Titan Spine Announces New Memphis Distribution Center to Meet Growing Demand for nanoLOCK® Spinal Implants
MEQUON, Wis., March 26, 2018 – Titan Spine, a medical device surface technology company focused on developing innovative spinal interbody fusion implants, today announced it has opened a distribution facility in Memphis to meet the growing demand for the Company’s nanoLOCK® surface technology. nanoLOCK® is the company’s next-generation surface technology featuring enhanced micro and nano-scaled architecture, proven to significantly improve the osteogenic response it creates.1
The new distribution facility increases Titan Spine’s capacity to more than 20,000 square feet and will be used to efficiently distribute nanoLOCK® as well as products from future launches.
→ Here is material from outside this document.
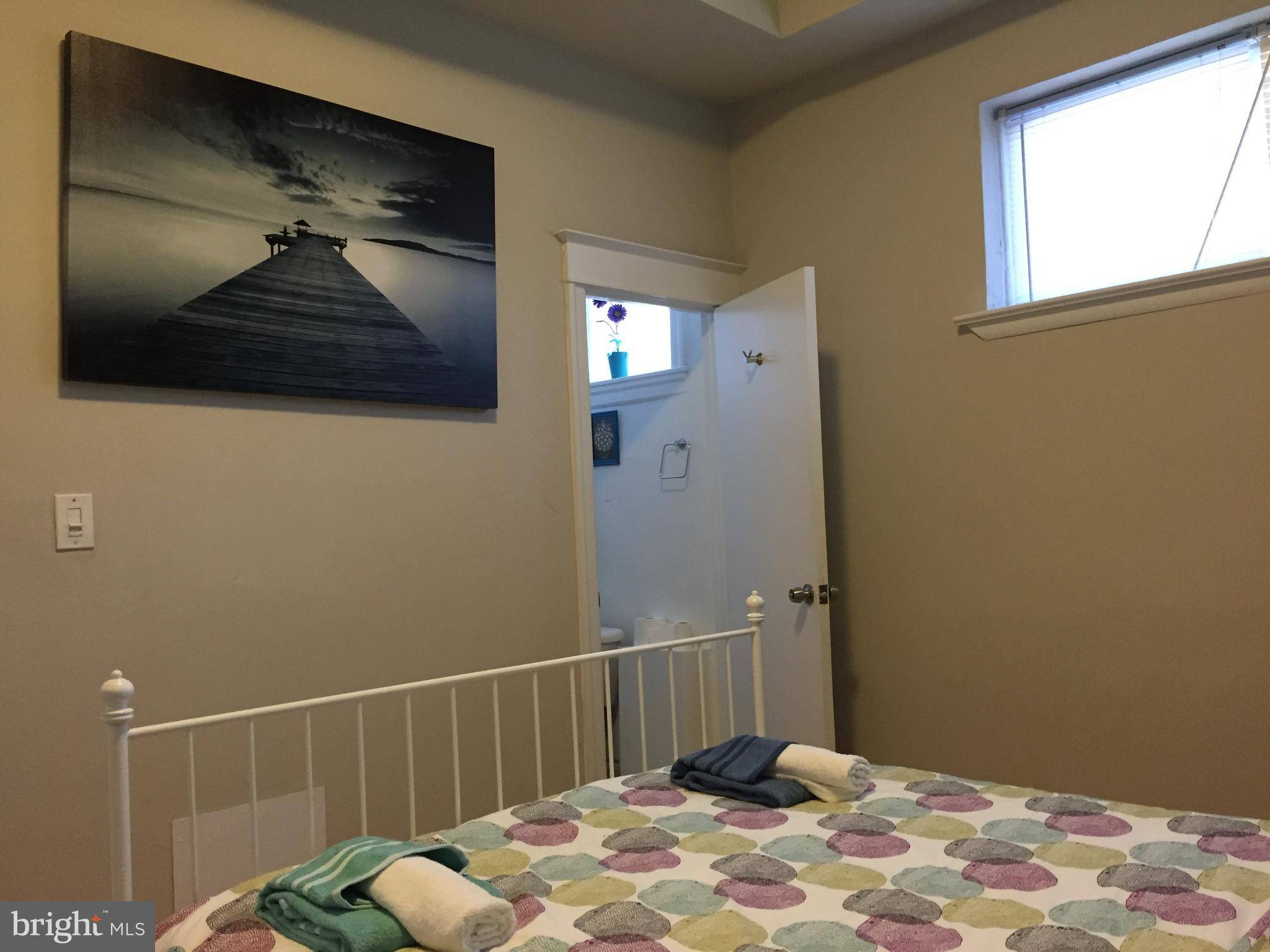 Philadelphia, PA 19147,527 S 7TH ST S #1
In addition, the facility is strategically located within close proximity to the FedEx world distribution hub, which allows Titan Spine to extend shipment hours when needed and enable agility in responding to customer needs.
Mark Berg, Executive Vice President Global Operations of Titan Spine, commented, “As the demand for our nanoLOCK® surface implants has continued to grow across the U.S., we recognized the need to strategically increase our distribution capacity to supply current and future demand. Our Memphis Distribution Center (MDC) offers an optimal solution that builds upon the efforts of our prior distribution partner. We are excited to further improving logistics for our surgeon and distributor customers who recognize the significance and uniqueness of nanoLOCK® ’s very specific ability to promote a nano-fusion.”
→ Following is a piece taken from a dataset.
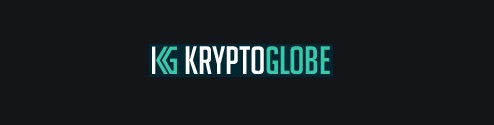 Kryptoglobe review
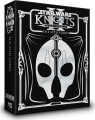 Star Wars Knights Of The Old Republic Ii The Sith Lords Limited Run Import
Titan Spine offers a full line of Endoskeleton® titanium implants that feature its proprietary nanoLOCK® surface technology, which was launched in the U.S. in October 2016 following FDA clearance in late 2014. The nanoLOCK® surface technology consists of a unique combination of roughened topographies at the macro, micro, and nano levels (MMN™). This unique combination of surface topographies is designed to create an optimal host-bone response and actively participate in the fusion process by promoting the upregulation of osteogenic and angiogenic factors necessary for bone growth, encouraging natural production of bone morphogenetic proteins (BMPs), downregulating inflammatory factors, and creating the potential for a faster and more robust fusion.2,3,4 All Endoskeleton® devices are covered by the company’s risk share warranty
About Titan Spine
Titan Spine, LLC is a surface technology company focused on the design and manufacture of interbody fusion devices for the spine. The company is committed to advancing the science of surface engineering to enhance the treatment of various pathologies of the spine that require fusion. Titan Spine, located in Mequon, Wisconsin and Laichingen, Germany, markets a full line of Endoskeleton® interbody devices featuring its proprietary textured surface in the U.S., portions of Europe, and Australia through its sales force and a network of independent distributors. To learn more, visit www.titanspine.com
1Olivares-Navarrete, R., Hyzy S.L., Gittens, R.A., Berg, M.E., Schneider, J.M., Hotchkiss, K., Schwartz, Z., Boyan, B. D. Osteoblast lineage cells can discriminate microscale topographic features on titanium-aluminum-vanadium surfaces. Ann Biomed Eng. 2014 Dec; 42 (12): 2551-61.
2Olivares-Navarrete, R., Hyzy, S.L., Slosar, P.J., Schneider, J.M., Schwartz, Z., and Boyan, B.D. (2015). Implant materials generate different peri-implant inflammatory factors: PEEK promotes fibrosis and micro-textured titanium promotes osteogenic factors. Spine, Volume 40, Issue 6, 399–404.
3Olivares-Navarrete, R., Gittens, R.A., Schneider, J.M., Hyzy, S.L., Haithcock, D.A., Ullrich, P.F., Schwartz, Z., Boyan, B.D. (2012). Osteoblasts exhibit a more differentiated phenotype and increased bone morphogenetic production on titanium alloy substrates than poly-ether-ether-ketone. The Spine Journal, 12, 265-272.
4Olivares-Navarrete, R., Hyzy, S.L., Gittens, R.A., Schneider, J.M., Haithcock, D.A., Ullrich, P.F., Slosar, P. J., Schwartz, Z., Boyan, B.D. (2013). Rough titanium alloys regulate osteoblast production of angiogenic factors. The Spine Journal, 13, 1563-1570.